Segment Start: Source data

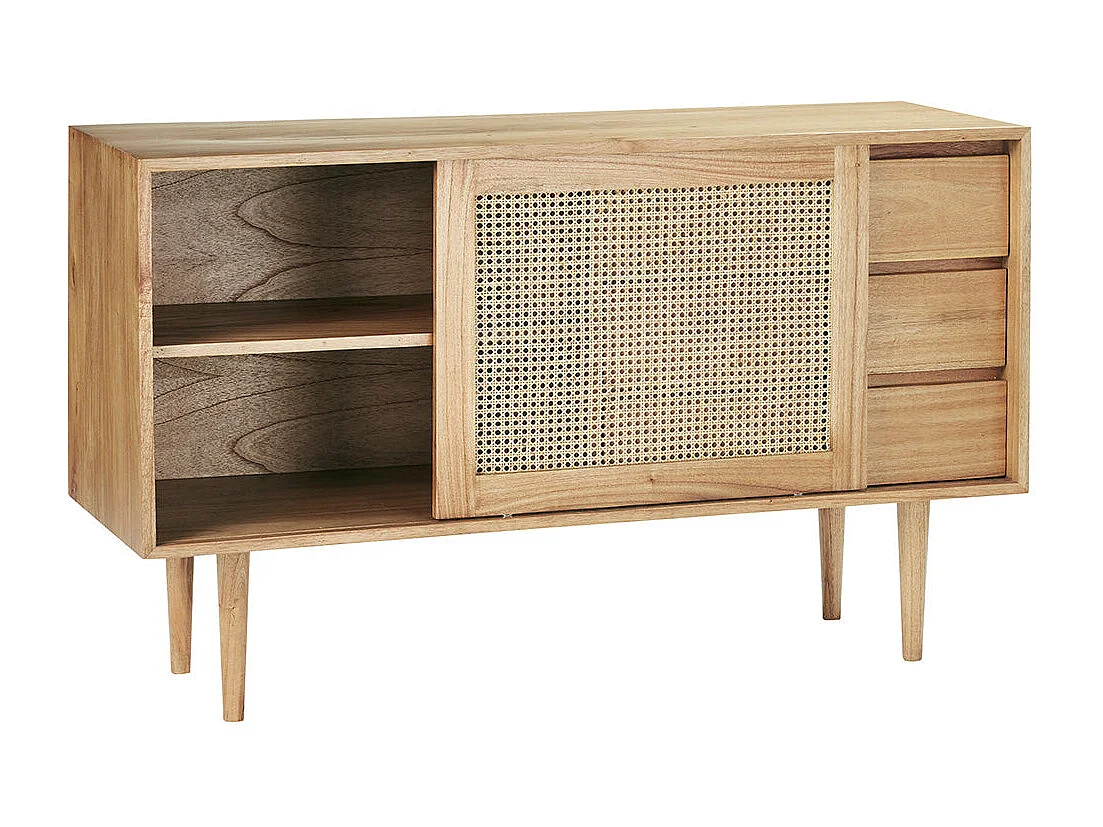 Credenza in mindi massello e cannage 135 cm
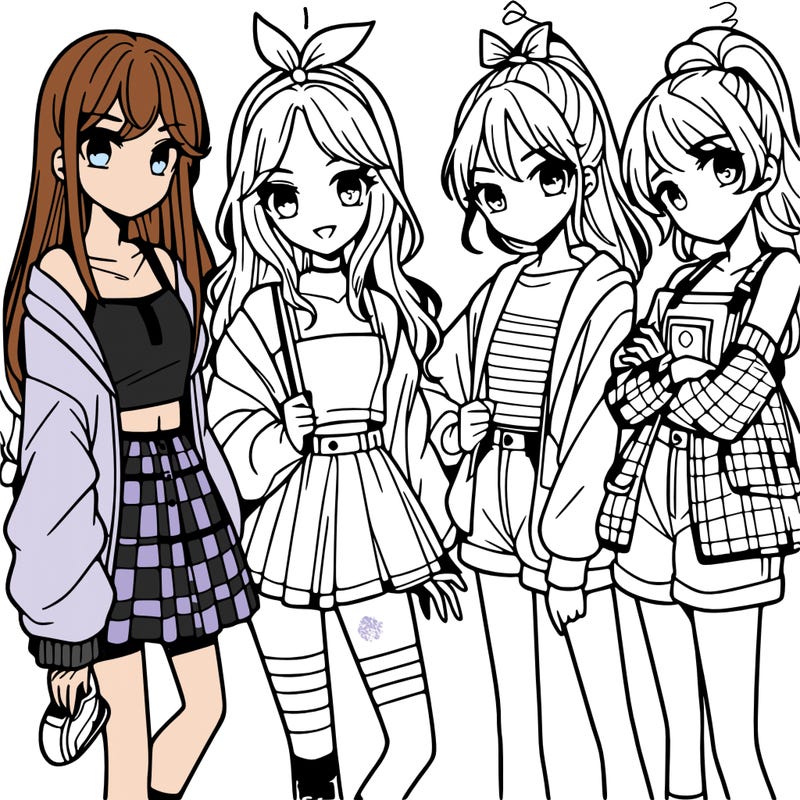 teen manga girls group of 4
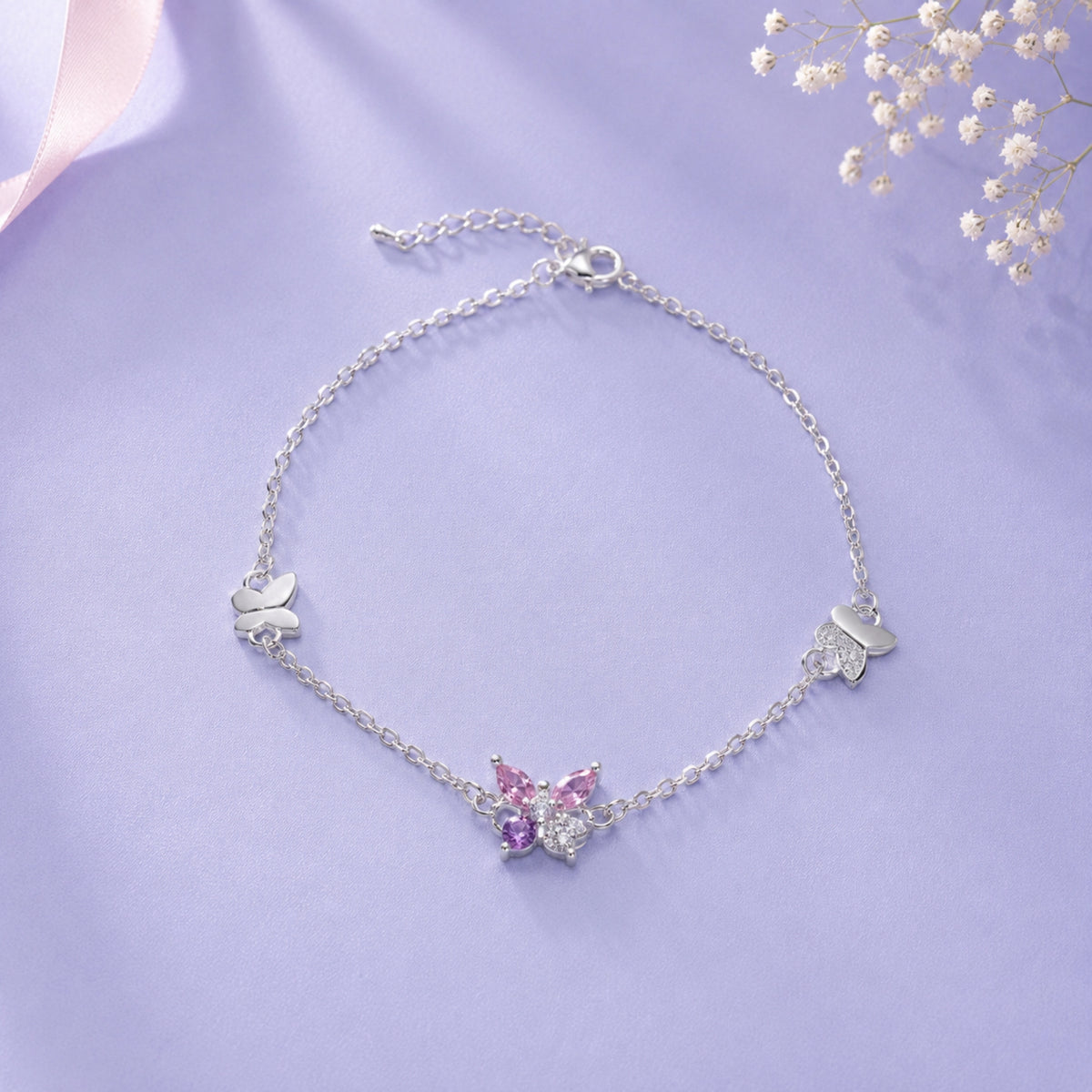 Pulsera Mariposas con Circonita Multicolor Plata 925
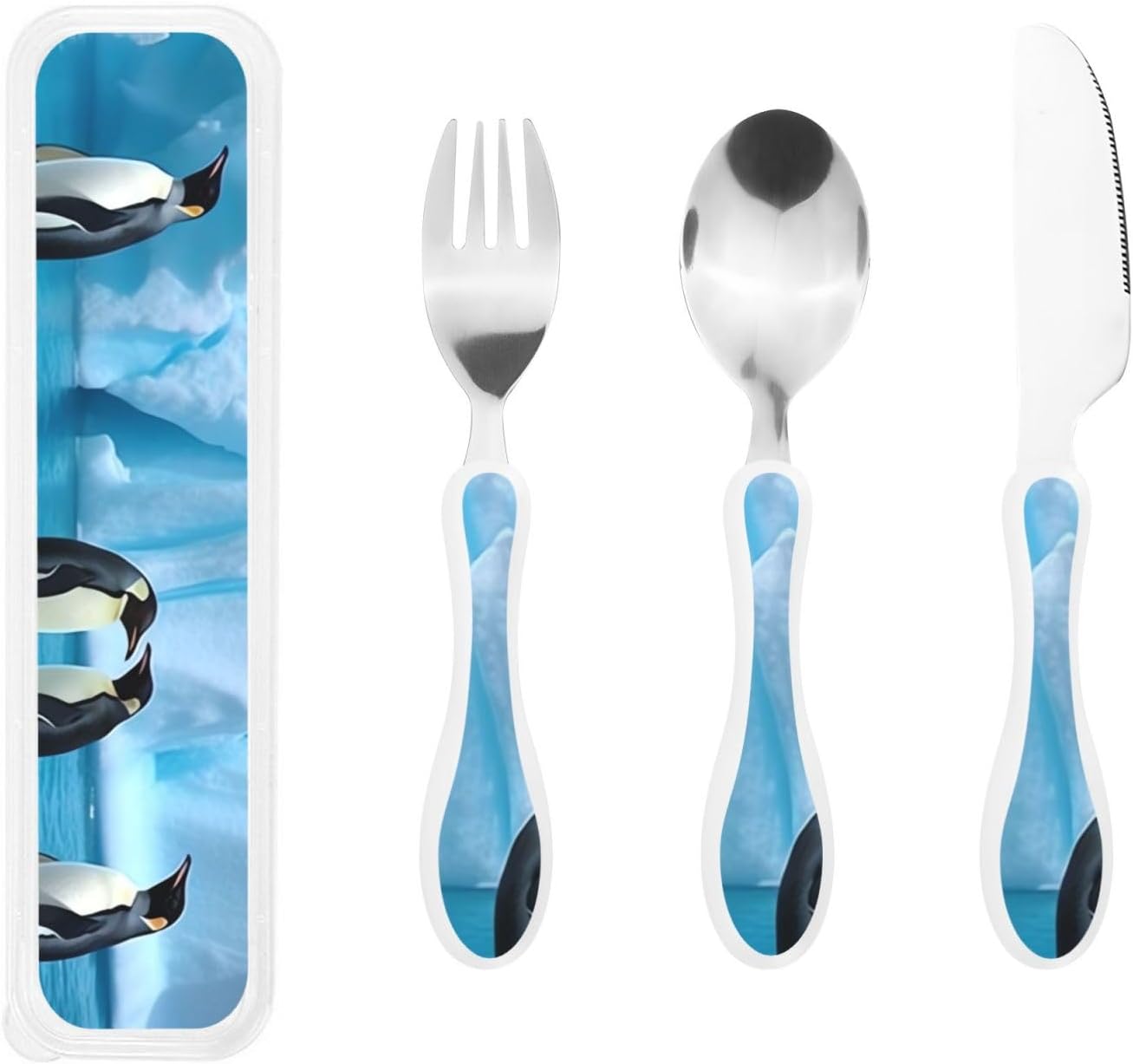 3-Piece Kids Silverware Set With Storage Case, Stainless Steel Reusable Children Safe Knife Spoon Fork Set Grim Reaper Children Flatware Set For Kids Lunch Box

Segment End: Source data

▶ Work request: Write out verbatim the lines from the one containing "teen manga girls group of 4" through the last line of the listing above, and no other lines; omit pictures.

▶ Your response:
 teen manga girls group of 4
 Pulsera Mariposas con Circonita Multicolor Plata 925
 3-Piece Kids Silverware Set With Storage Case, Stainless Steel Reusable Children Safe Knife Spoon Fork Set Grim Reaper Children Flatware Set For Kids Lunch Box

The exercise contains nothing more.